=== Recorded information ===

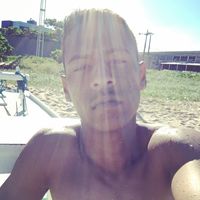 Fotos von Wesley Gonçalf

===
=== Recorded information ===

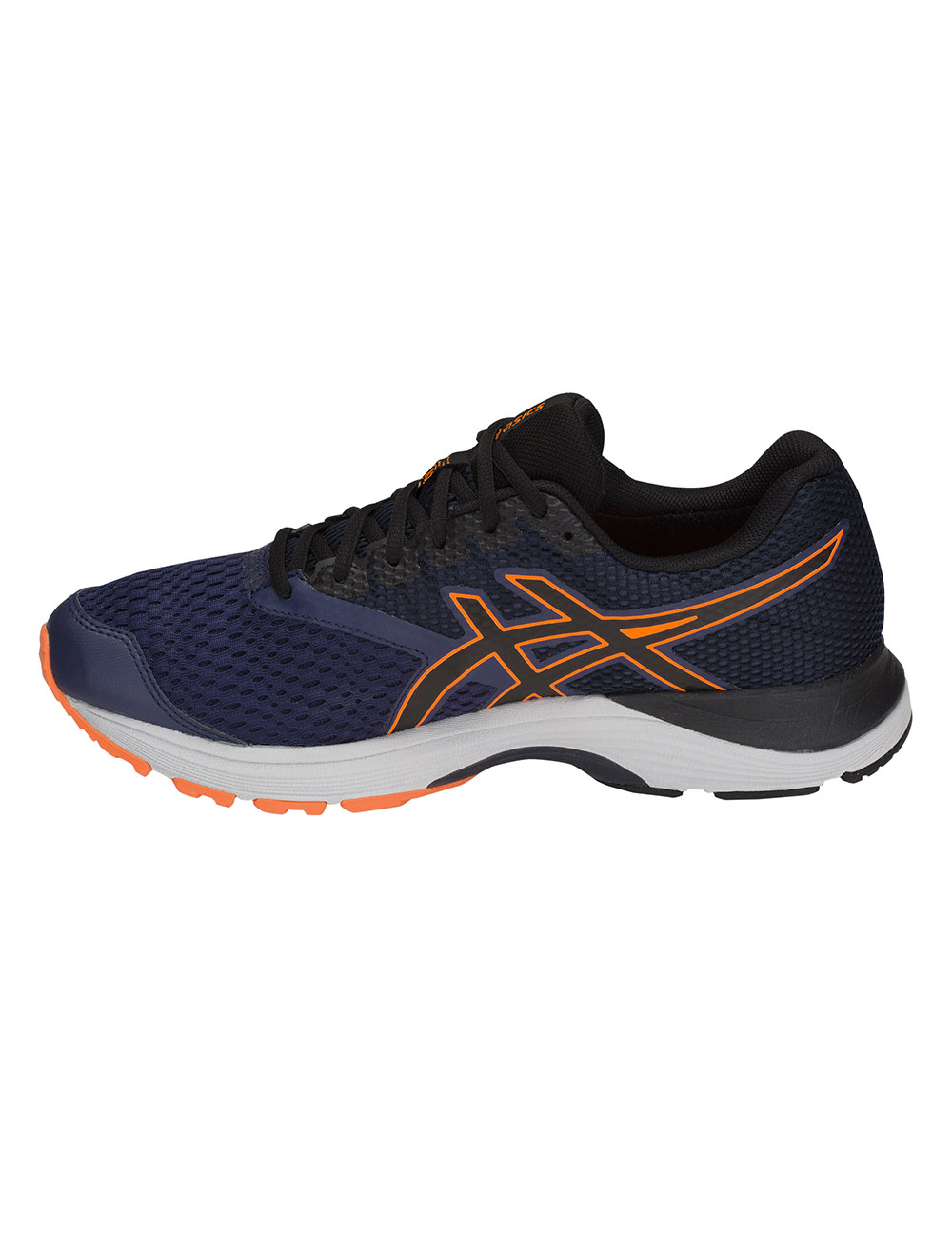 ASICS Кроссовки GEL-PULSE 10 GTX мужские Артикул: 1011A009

===
=== Recorded information ===

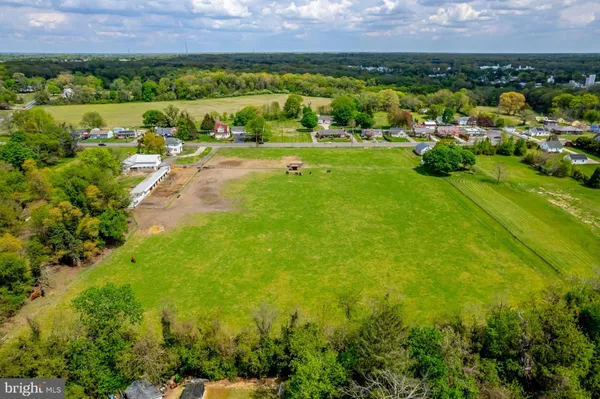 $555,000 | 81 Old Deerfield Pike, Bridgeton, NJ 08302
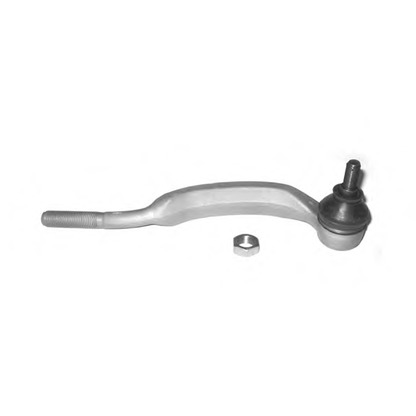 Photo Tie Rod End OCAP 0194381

===

**What you need to do**
When you reach the line holding "Bridgeton, NJ 08302" in the listing above, begin retyping exactly, and stop once the line holding "Photo Tie Rod End OCAP 0194381" is done; pictures stay out.

**Output for this exercise**
 $555,000 | 81 Old Deerfield Pike, Bridgeton, NJ 08302
 Photo Tie Rod End OCAP 0194381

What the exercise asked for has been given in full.